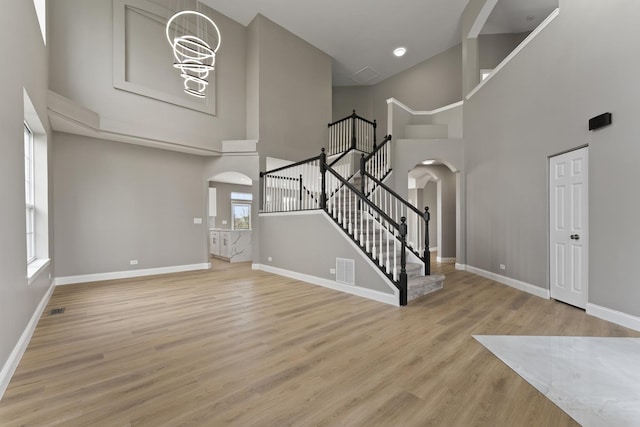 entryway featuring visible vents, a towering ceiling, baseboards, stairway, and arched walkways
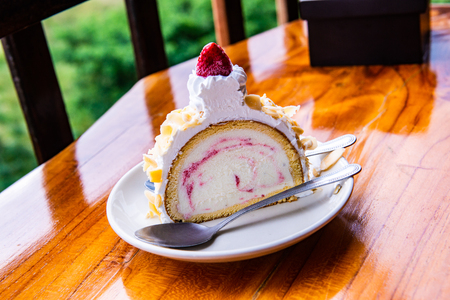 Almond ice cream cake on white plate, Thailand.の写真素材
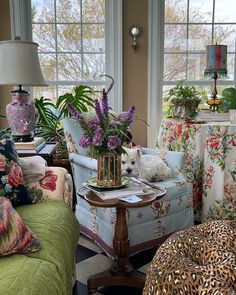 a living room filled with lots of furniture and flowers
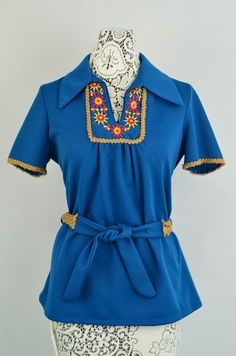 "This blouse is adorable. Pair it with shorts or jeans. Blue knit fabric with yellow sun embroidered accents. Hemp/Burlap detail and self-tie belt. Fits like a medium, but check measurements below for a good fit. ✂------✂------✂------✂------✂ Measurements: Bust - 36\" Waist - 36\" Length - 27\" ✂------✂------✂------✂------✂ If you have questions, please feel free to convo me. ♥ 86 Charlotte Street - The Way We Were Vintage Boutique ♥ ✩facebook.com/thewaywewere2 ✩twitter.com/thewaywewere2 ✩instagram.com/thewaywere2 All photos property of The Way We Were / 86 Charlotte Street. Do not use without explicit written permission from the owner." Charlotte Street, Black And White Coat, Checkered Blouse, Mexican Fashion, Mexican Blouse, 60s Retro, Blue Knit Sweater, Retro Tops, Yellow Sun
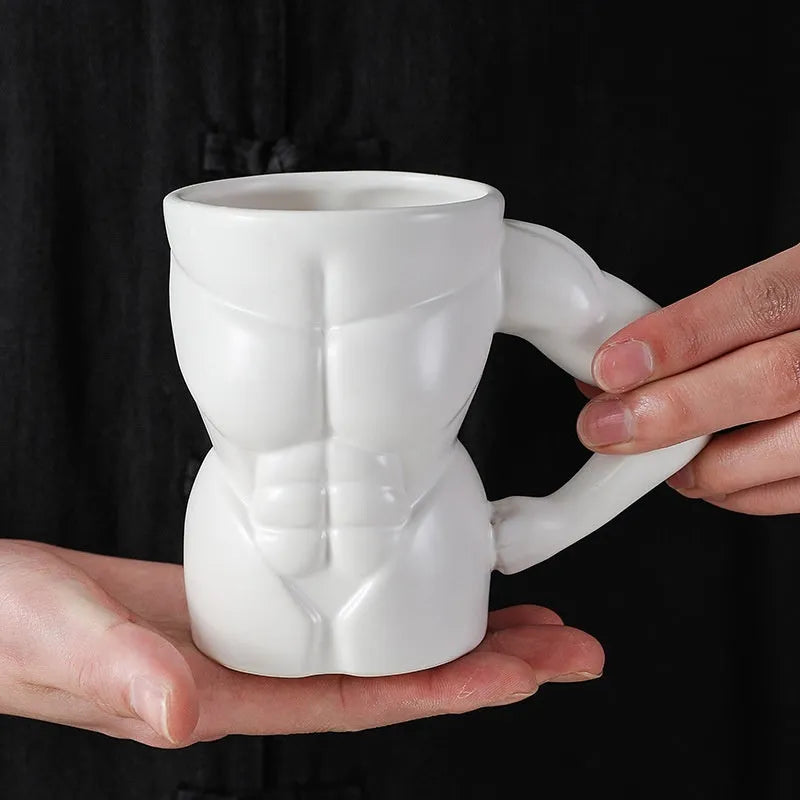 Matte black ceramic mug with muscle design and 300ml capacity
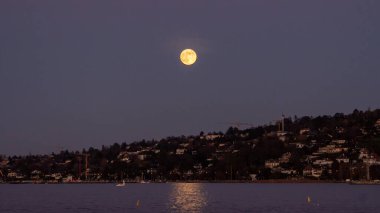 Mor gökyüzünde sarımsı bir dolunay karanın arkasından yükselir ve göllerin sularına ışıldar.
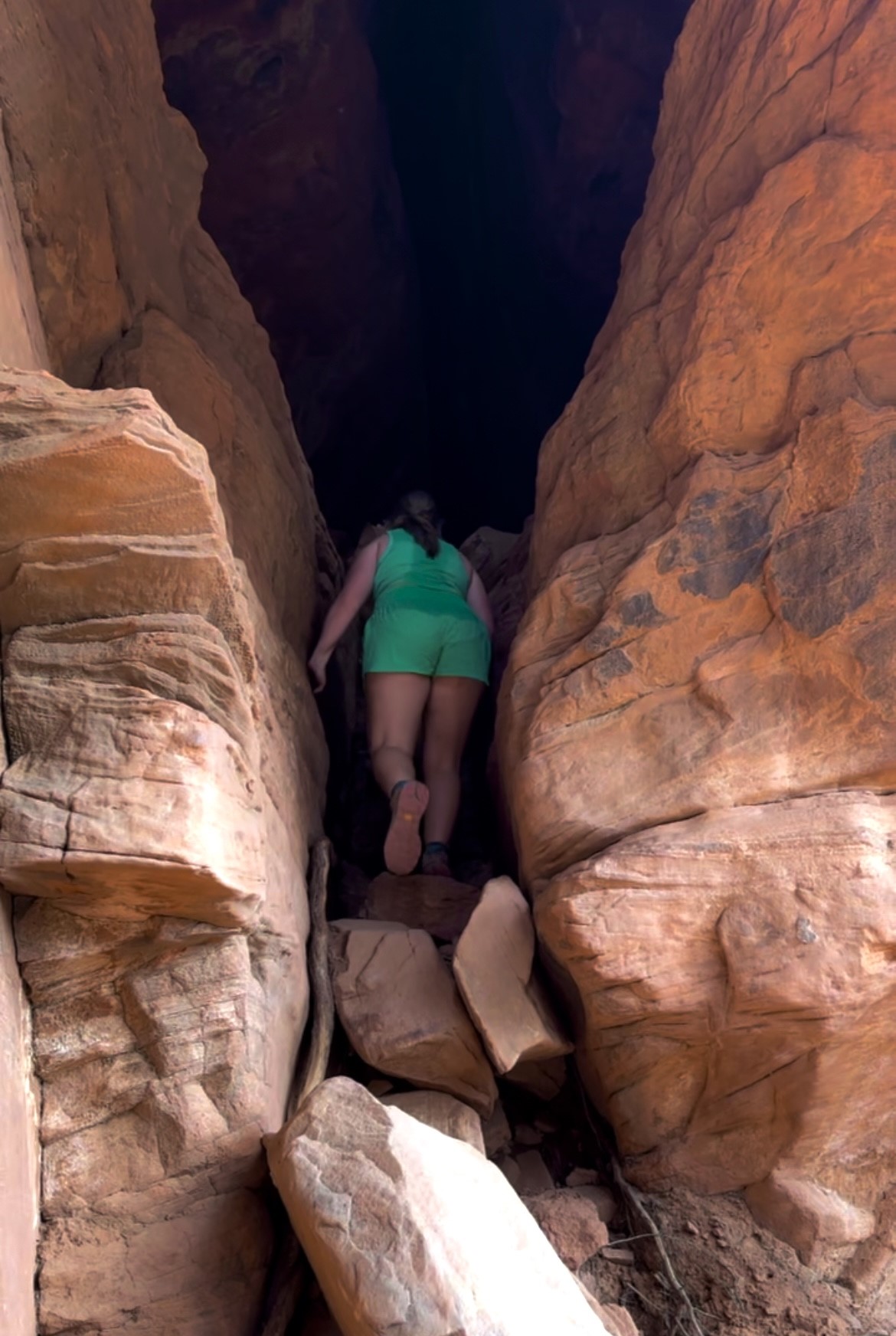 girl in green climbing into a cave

○ ○ ○ ○ ○ ○ ○

## TASK BRIEF
Set down each entry above exactly as it appears. Omit the pictures.

## TASK SOLUTION
 entryway featuring visible vents, a towering ceiling, baseboards, stairway, and arched walkways
 Almond ice cream cake on white plate, Thailand.の写真素材
 a living room filled with lots of furniture and flowers
 "This blouse is adorable. Pair it with shorts or jeans. Blue knit fabric with yellow sun embroidered accents. Hemp/Burlap detail and self-tie belt. Fits like a medium, but check measurements below for a good fit. ✂------✂------✂------✂------✂ Measurements: Bust - 36\" Waist - 36\" Length - 27\" ✂------✂------✂------✂------✂ If you have questions, please feel free to convo me. ♥ 86 Charlotte Street - The Way We Were Vintage Boutique ♥ ✩facebook.com/thewaywewere2 ✩twitter.com/thewaywewere2 ✩instagram.com/thewaywere2 All photos property of The Way We Were / 86 Charlotte Street. Do not use without explicit written permission from the owner." Charlotte Street, Black And White Coat, Checkered Blouse, Mexican Fashion, Mexican Blouse, 60s Retro, Blue Knit Sweater, Retro Tops, Yellow Sun
 Matte black ceramic mug with muscle design and 300ml capacity
 Mor gökyüzünde sarımsı bir dolunay karanın arkasından yükselir ve göllerin sularına ışıldar.
 girl in green climbing into a cave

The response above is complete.